Figure of the method: Bisection method

The bisection method belongs to the bracketed methods, which return a zero of the function on the given interval \([x_0, x_1]\).

Error estimate#

If we start with the interval \(\Delta x = \left|x_1-x_0\right|\), then the accuracy of the bisection method after the first bisection step is:

\[\varepsilon_1 = \Delta x/2,\]

after the second step:

\[\varepsilon_2 = \Delta x/2^2\]

and after \(n\) steps:

\[\varepsilon_n = \Delta x/2^n.\]

Usually we require that the solution be given with an accuracy \(\varepsilon\), and from the equation above we can derive the number of bisection steps required:

\[n = \frac{\log\left(\frac{\Delta x}{\varepsilon}\right)}{\log(2)}.\]

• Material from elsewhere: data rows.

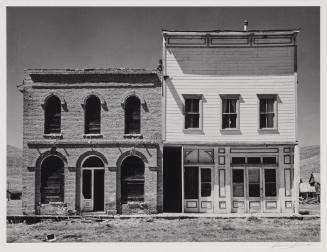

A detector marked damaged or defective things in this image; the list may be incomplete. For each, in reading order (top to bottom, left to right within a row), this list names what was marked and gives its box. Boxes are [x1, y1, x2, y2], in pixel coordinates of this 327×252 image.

broken window [44, 95, 60, 134]
broken window [84, 95, 100, 134]
broken window [124, 96, 141, 134]
broken window [40, 157, 64, 204]
broken window [121, 156, 145, 203]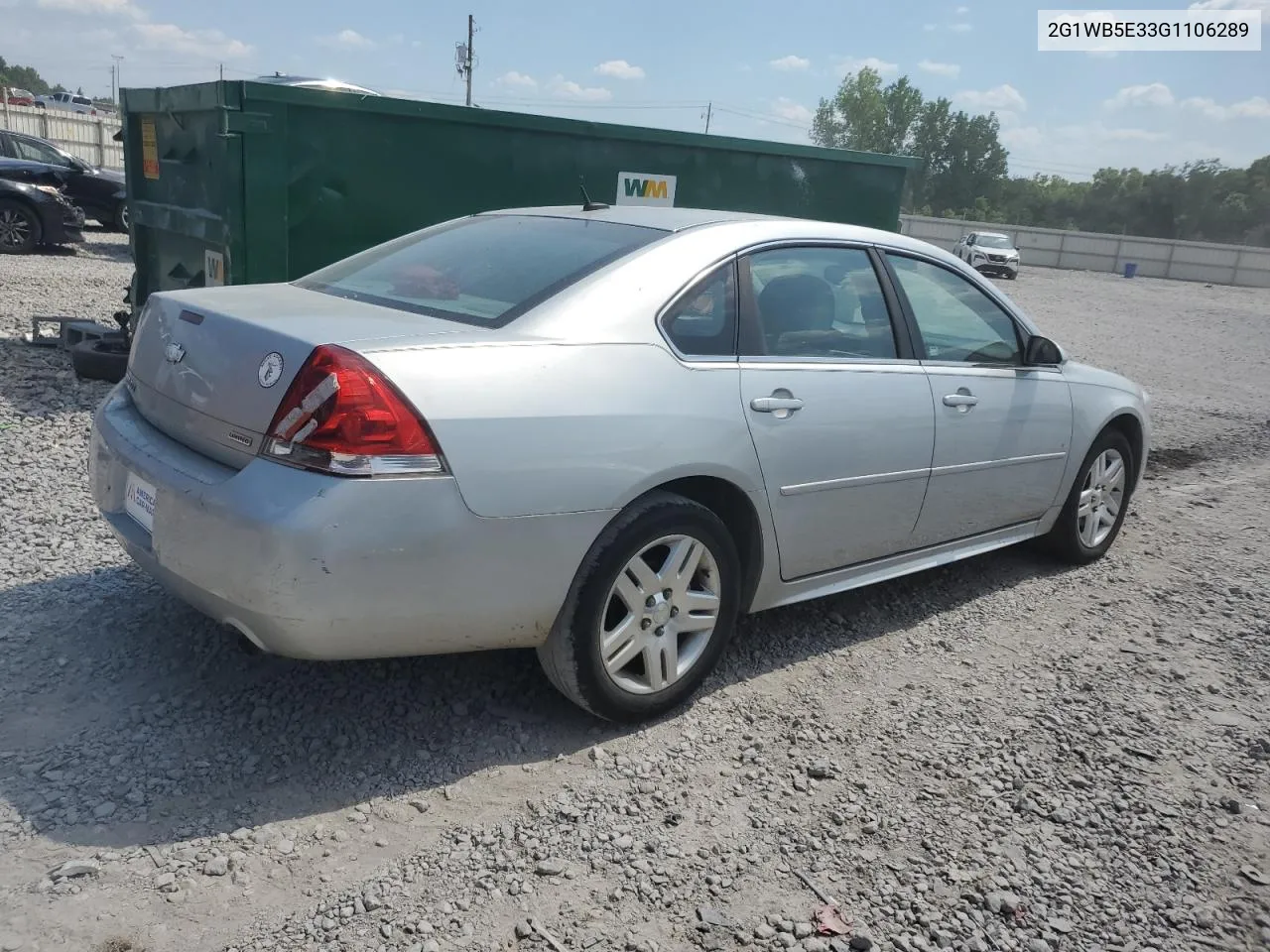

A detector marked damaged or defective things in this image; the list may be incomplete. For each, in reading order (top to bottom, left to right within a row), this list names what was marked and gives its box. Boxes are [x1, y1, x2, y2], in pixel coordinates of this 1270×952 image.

damaged car in background [0, 161, 84, 257]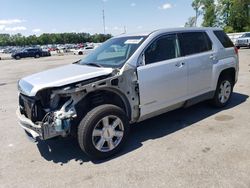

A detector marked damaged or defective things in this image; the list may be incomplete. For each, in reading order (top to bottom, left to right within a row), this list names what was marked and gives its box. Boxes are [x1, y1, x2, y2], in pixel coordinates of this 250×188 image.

bent hood [19, 64, 113, 96]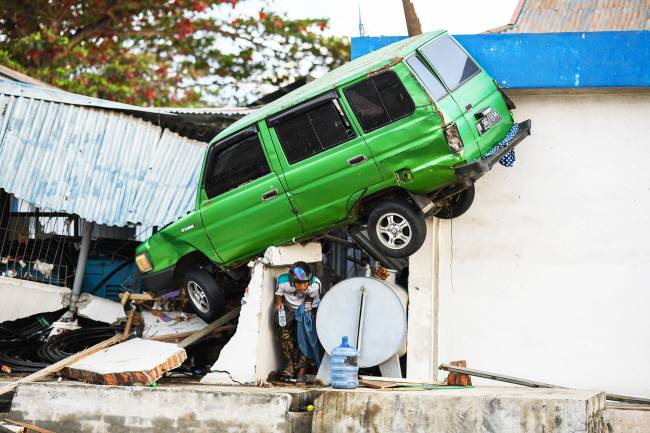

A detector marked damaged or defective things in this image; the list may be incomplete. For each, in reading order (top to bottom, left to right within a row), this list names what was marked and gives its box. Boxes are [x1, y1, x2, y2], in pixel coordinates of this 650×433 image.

overturned vehicle [134, 30, 528, 318]
broken concrete [8, 382, 316, 432]
broken concrete [312, 386, 604, 430]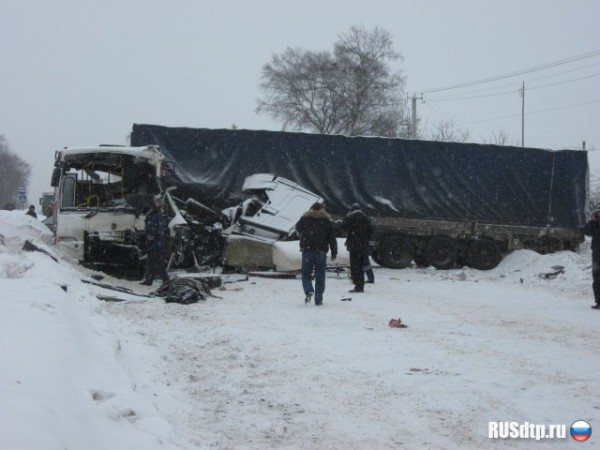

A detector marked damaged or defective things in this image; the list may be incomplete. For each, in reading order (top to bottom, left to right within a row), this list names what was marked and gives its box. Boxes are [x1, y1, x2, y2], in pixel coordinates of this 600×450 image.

damaged bus front [50, 146, 186, 272]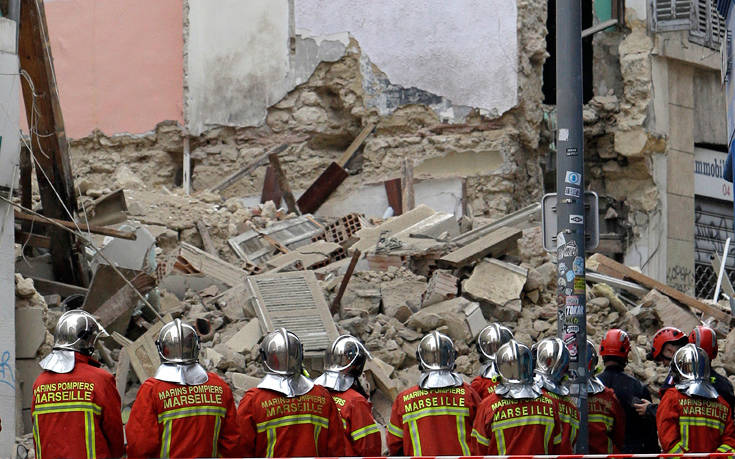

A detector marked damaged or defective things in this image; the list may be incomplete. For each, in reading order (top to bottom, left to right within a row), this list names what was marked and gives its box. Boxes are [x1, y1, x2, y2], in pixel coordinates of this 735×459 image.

broken window shutter [660, 0, 692, 30]
broken concrete slab [462, 258, 528, 310]
broken concrete slab [15, 310, 44, 360]
broken concrete slab [226, 318, 264, 354]
broken window shutter [246, 272, 340, 358]
broken concrete slab [644, 290, 700, 332]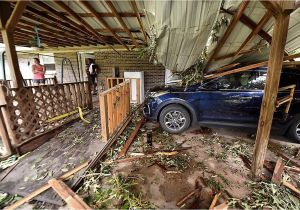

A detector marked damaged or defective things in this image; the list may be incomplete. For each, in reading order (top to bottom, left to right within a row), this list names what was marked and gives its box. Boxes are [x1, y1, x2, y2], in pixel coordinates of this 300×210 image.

broken lumber [118, 118, 145, 158]
broken lumber [5, 162, 88, 209]
broken lumber [48, 179, 91, 210]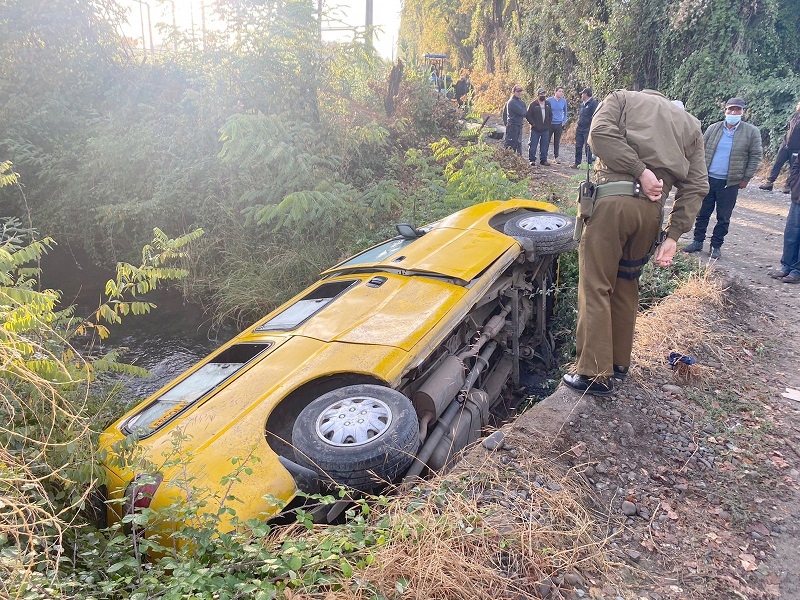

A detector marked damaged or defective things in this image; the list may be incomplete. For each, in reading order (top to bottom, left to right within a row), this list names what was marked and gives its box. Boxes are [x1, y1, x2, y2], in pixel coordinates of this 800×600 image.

Of course, the number of steps is an integer.

Numerical implementation#

def bisection(fun, x0, x1, tol=1e-3, Dtol=1e-1, verbose=True):
    """ Returns a zero with accuracy tol

    :param fun: function whose zero we are looking for
    :param x0:  lower search bound
    :param x1:  upper search bound
    :param tol: required accuracy
    :param Dtol:maximum sum of absolute values of the solution
    :verbose:   whether to print a short report at the end
    """
    if np.sign(fun(x0))==np.sign(fun(x1)):
        raise Exception('Root is not bracketed.')
    n = np.ceil( np.log(np.abs(x1-x0)/tol)/np.log(2) ).astype(int) # number of iterations
    for i in range(n):
        x2 = (x0 + x1) / 2
        f1 = fun(x0)
        f3 = fun(x2)
        f2 = fun(x1)
        if np.sign(fun(x2))!=np.sign(fun(x0)):
            x1 = x2
        else:
            x0 = x2
    D = np.abs(fun(x0)) + np.abs(fun(x1))
    if D > Dtol:
        raise Exception('Likely a pole or multiple zeros.')
    r = (x0+x1)/2
    if verbose:
        decimals = int(np.log10(1/tol)) # does not always work for all cases:)
        print(f'Solution: {r:5.{decimals}f}, number of iterations: {n:g}, D: {D:5.5f}')
    return r

Now let’s try to find the zero with an accuracy of 1e-3:

bisection(f, 0, 1, tol=1e-3);
Solution: 0.735, number of iterations: 10, D: 0.01277

In ten iterations we obtained the same accurate result as above with the iterative incremental method result30. Let’s also look at computing the zero with even greater accuracy:

bisection(f, 0, 1, tol=1e-6);
Solution: 0.734603, number of iterations: 20, D: 0.00001

We can check the execution speed with the so-called magic function timeit (documentation), which runs the function several times and analyzes the execution time. If the magic function is preceded by the double symbol %%, it executes and times the entire cell, but if only a single %, then only one line.

%%timeit
bisection(f, 0., 1., verbose=False)
340 μs ± 24.6 μs per loop (mean ± std. dev. of 7 runs, 1,000 loops each)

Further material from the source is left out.